P.S: Para quem tá chegando agora, dá para ler a primeira e segunda edição aqui e aqui.
descrição: Separador de texto com a ilustração de uma rodela de limão em traços simples ao centro, com uma fileira de bolinhas no lado direito e outra fileira de bolinhas no lado esquerdo.
descrição: foto de um muro de tijolos e piso de pedra, ao fundo aparece a lateral de um jeep azul. Fim da descrição
Ainda não consegui saber se é proteção essa coisa da vida não nos preparar pro que vamos sentir falta. Esses dias eu estava olhando umas fotos antigas, impressas, desse jeito que não fazemos mais e avistei, ao fundo de uma das fotos, o jeep azul do meu pai. Ninguém me preparou para sentir tanta falta de um carro que aparece lá no fundo de uma foto.

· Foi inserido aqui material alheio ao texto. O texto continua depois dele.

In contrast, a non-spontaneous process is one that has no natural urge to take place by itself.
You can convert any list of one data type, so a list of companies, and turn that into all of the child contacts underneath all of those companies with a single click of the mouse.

Não registrei o suficiente as brincadeiras no jeep, as idas até a escola, a diferença entre a cor dele limpa na garagem e a da volta para casa, cheio de barro. Não sabia que sentiria tanta falta, além de todas as coisas do meu pai, do jeep velho. Na época, fiquei chateada, guardei rancor do mecânico que deu ele como perdido, não podia ver um igual que circulava por Periperi que eu ficava indignada. Mas passou, meses depois, vieram outros apegos bobos.

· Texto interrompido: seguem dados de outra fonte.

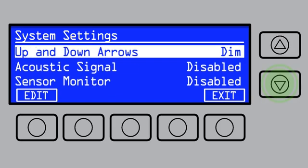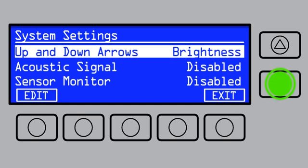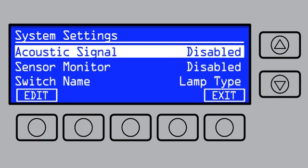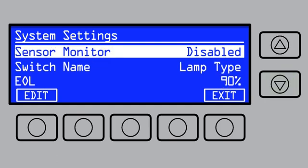The up and down arrows can be customized to change dim control or LCD brightness and contrast. You can enable or disable an acoustic signal when a message appears on screen. When enabled, Sensor Monitor will display the sensor data for things like the lamp, input, and temperature in the main menu.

Acontece que mais de 20 anos depois, calhou da foto aparecer no mesmo dia da Live de Caetano, em seu aniversário. Rodeado dos filhos, que acompanharam ele no interesse pela música. O jeep azul era um dos gostos que eu dividia com meu pai. Andar naquele jeep, nós dois, seria o equivalente a Caetano no violão enquanto Moreno toca prato. Dividir gostos é uma forma de sentir um afago.

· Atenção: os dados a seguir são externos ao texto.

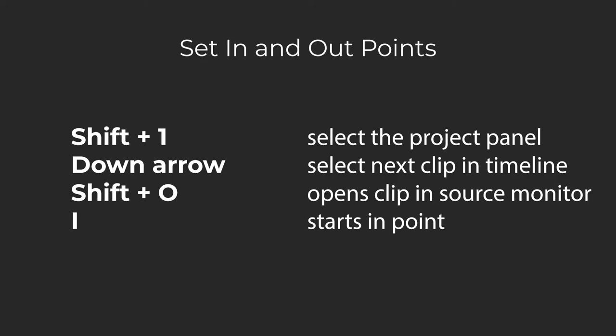Set In and Out Points. This macro is simple. You're just setting in and out points of the clips in your project panel. After selecting clips this way, you can utilize I and O to create in and out points easily, then period to insert the clip into the timeline. This lets you easily get a rough timeline with the clip selections you want to use while cutting out all the junk at the beginning and the end.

descrição: Separador de texto com a ilustração de uma cadeira de rodas em traços simples ao centro, com uma fileira de bolinhas no lado direito e outra fileira de bolinhas no lado esquerdo.
descrição: Foto minha criança usando uma camisa branca por baixo de um colete ortopédico que vai do pescoço a barriga, ele possui um ferro no centro e tiras de couro com presilhas ao longo do tronco. Estou sorrindo com olhos vermelhos e uso aparelho ortodôntico.
E por falar em criança, nesses dias que foram de muita nostalgia arrumando fotos, como eu falei lá no primeiro post, achei essa aí de colete ortopédico. Devia ter uns 11 anos. Lembro desse dia, já tava cansada de usar esse negócio para segurar uma escoliose que não parava de aumentar. Esse sorriso deve ter sido só porque a gente sabia que cada tinha que sair bem em cada foto, o tal do filme de 36 poses tinha que valer. Mas nada em usar esse colete me agradava.
Os meus colegas da escola, os conhecidos do bairro, ninguém na televisão lidava com isso de usar colete, só eu. O que eu sabia sobre aquilo tinha aprendido usando. Estava na 6ª série quando uma colega minha me mostrou que tinha em sua revista “Capricho” uma menina com um parecido, e eu fiquei encantada. Só um depoimento com uma foto, mais nada. Ainda assim, era a coisa mais próxima de mim que eu tinha visto naquela revista de adolescente, claro que me empolguei.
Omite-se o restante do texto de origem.